After reading these two chapters, I noticed that the authors seem to only state articles from the New York Times. I was wondering if they (the authors) were doing this on purpose. Is it because New York Times is one of the most popular news papers?

On page 35, the author wrote, "If newsorthy stories are sometimes ignored by the media, it's also true that what's not very newsworthy sometimes makes headlines." I live in a small town and I found this to be true with the newspaper I read. Each week the paper will write an article about a local person and what they are doing with their lives. If an out of towner were to read the newspaper, the article would have very little importance. However, I think because of the close-knit community, the article, although it isn't very newsworthy, is newsworthy to those community members who do care and are interested in what someone else is doing to make a difference in someone's life.

"Don't confuse me with the facts." This quote brought back something that I mentioned in class last week. Too many times, journalists tend to write ALL the facts. Just like last weeks exercises, (where we were asked to remove all the un-necessary details) I feel that articles should not try to confuse the reader with ALL the worthless factual details. Who needs to know that a crime took place at 319th street on a rainy and foggy night?
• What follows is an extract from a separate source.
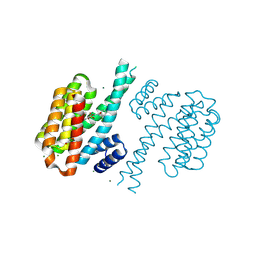 BU of 4dhr by Molmil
"But new accounts, as we stated above, should aim for the truth, the whole truth, and nothing but the truth -- not the excitement, the whole excitement, and nothing but the excitement." I enjoyed this quote because although I like reading about exciting subjects, I find it more important to read about truthful subjects that I can relate to.

"Tomato statistics: cases in which news reports call attention to alarmingly high numbers of criminal incidents by obscuring the crucial differences that make a few of the incidents far worse than the vast majority of the others." I agree with this quote. Why is that, that news reporters try to make a mountain out of a molehill? If it's not important or newsworthy, then don't write about it! We, as readers, probably don't want to hear it and will end up flipping the page anyway!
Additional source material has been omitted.